The behaviour of energy during rapid changes in quantum systems presents a fundamental challenge in physics, and Donny Dwiputra, Mir Faizal, Francesco Marino, and Freddy P. Zen investigate this phenomenon by exploring the statistics of work performed during ‘quenches’ in gapless systems. Their research reveals that the scaling of work fluctuations follows predictable patterns, mirroring the well-established Kibble-Zurek mechanism which describes defect formation during phase transitions. By analysing a specific example, the nonequilibrium dynamics of a quenched Heisenberg XXZ chain, the team demonstrates that these scaling laws hold true across both fast and slow changes, confirmed by comparison with precise numerical calculations. This work provides valuable insight into the thermodynamics of adiabatic processes and expands our understanding of how energy behaves in rapidly evolving quantum environments.

Quench Dynamics and Excitation Distributions in Luttinger Liquids

This research investigates how one-dimensional quantum systems respond to sudden changes, known as quenches, in their properties. The study focuses on understanding the distribution of energy created by the quench and how this distribution evolves over time, particularly in systems known as Luttinger liquids, which model interacting electrons in one dimension. Researchers utilize statistical measures called cumulants to characterize this distribution, comparing the behavior of systems starting from both their lowest energy state and a state with a finite temperature. The results demonstrate that the first cumulant scales logarithmically with time, indicating a slow relaxation process, while higher-order cumulants decay more rapidly. When the system starts at a finite temperature, all cumulants scale inversely with both temperature and a characteristic time related to the quench, reflecting the influence of thermal fluctuations and the tendency of collective excitations to bunch together. Comparisons with other systems highlight the importance of particle statistics, with the Luttinger liquid exhibiting different scaling behavior due to its bosonic excitations.

Work Statistics in Gapless Quantum Systems

Scientists have explored the statistics of work performed on quantum systems during rapid or slow changes, known as quenches, in systems lacking an energy gap. They employed a two-time measurement scheme to define work, tracking energy changes resulting from a time-dependent force. This approach allows for the calculation of the probability distribution of work, revealing the stochastic nature of energy differences. The team focused on the Heisenberg XXZ chain, a model system in quantum physics, and mapped its behavior onto a Tomonaga-Luttinger liquid, a theoretical framework describing interacting electrons in one dimension, using a mathematical technique called Abelian bosonization.

Researchers then derived the cumulant generating function, a mathematical tool that encodes information about the system’s thermodynamics and fluctuations. The study demonstrates that this function exhibits distinct scaling behavior depending on the speed of the quench and reveals oscillatory patterns in finite-sized systems. Analytical results were validated through exact numerical calculations on a finite XXZ chain, confirming the shared characteristics of fast and slow quench regimes. This combined theoretical and numerical approach provides a robust understanding of work statistics in gapless systems and expands the application of the Kibble-Zurek mechanism to a broader range of physical scenarios.
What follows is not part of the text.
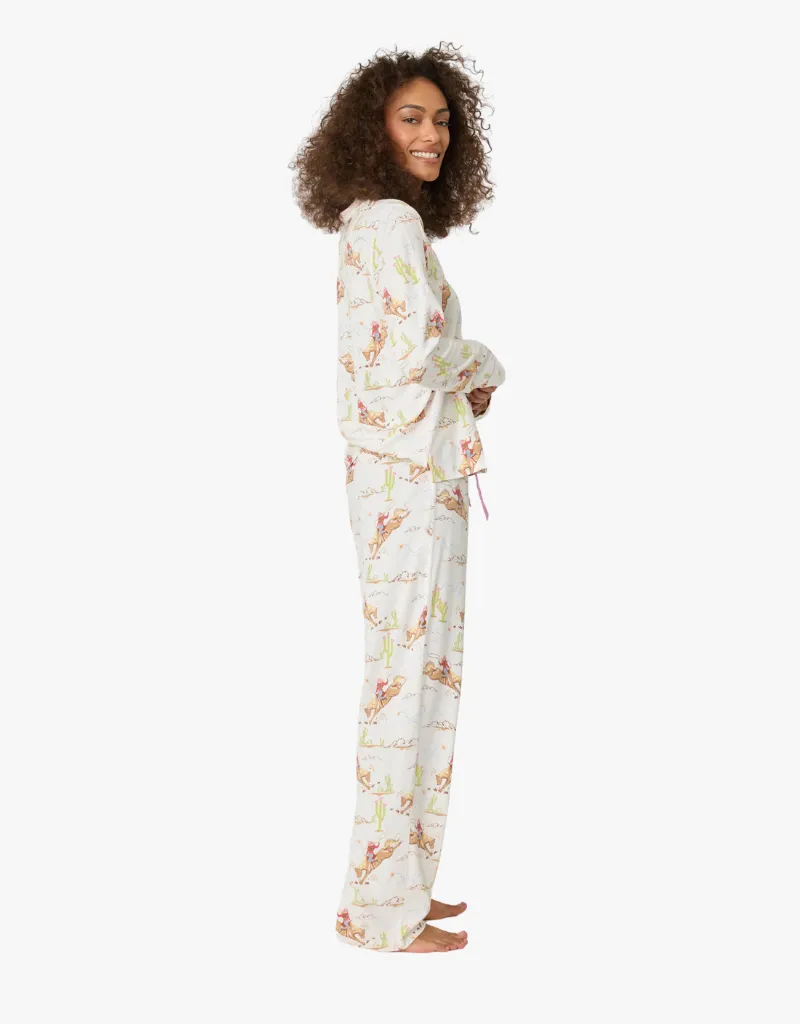 P.J Salvage Playful Prints Western PJ Top in Natural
Work Statistics Universal Across Rapid Changes

Researchers have demonstrated the universality of work statistics during rapid changes, or quenches, in gapless physical systems, confirming a connection to the Kibble-Zurek mechanism. The research confirms that statistical measures of work, called cumulants, scale predictably depending on the speed of the change, mirroring behavior observed in traditional phase transitions. Analysis of a quenched Heisenberg XXZ chain supports these findings, showing that cumulants exhibit a power-law scaling analogous to that predicted by the Kibble-Zurek mechanism. Experiments revealed that the first three cumulants of the XXZ chain consistently followed a specific scaling behavior for fast quenches.

For slower quenches, the cumulants saturated to plateaus, exhibiting finite size oscillations that decreased with larger system sizes, a phenomenon accurately predicted by the theoretical model. Detailed measurements of the first and second cumulants demonstrated that higher-order cumulants also saturate, indicating that the distribution of work performed during the quench is non-Gaussian. Furthermore, the scaling of these cumulants is influenced by the system’s temperature, with thermal quenches exhibiting a specific scaling due to the bosonic nature of the excitations within the Luttinger liquid, contrasting with systems of fermions.
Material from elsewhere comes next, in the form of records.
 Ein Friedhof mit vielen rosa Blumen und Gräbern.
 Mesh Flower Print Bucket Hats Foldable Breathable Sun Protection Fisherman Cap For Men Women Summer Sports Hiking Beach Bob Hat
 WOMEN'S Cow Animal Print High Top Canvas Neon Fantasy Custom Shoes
Work Fluctuation Scaling in Gapless Quenches

This research demonstrates a universal scaling behaviour in the statistics of work performed during rapid changes, or quenches, in physical systems lacking an energy gap. The team established that the fluctuations in work scale predictably with the duration of the quench, mirroring the well-known Kibble-Zurek mechanism. Specifically, the researchers found that higher-order statistical moments, known as cumulants, exhibit a power-law relationship with the quench duration, a result confirmed through analysis of the Heisenberg XXZ chain. The study extends this understanding to quenches initiated at finite temperatures and provides a theoretical framework directly testable in current experimental platforms, including quantum annealers and simulators of gapless quantum systems. This achievement offers valuable insight into non-equilibrium dynamics and provides a foundation for exploring the thermodynamics of rapid, adiabatic processes.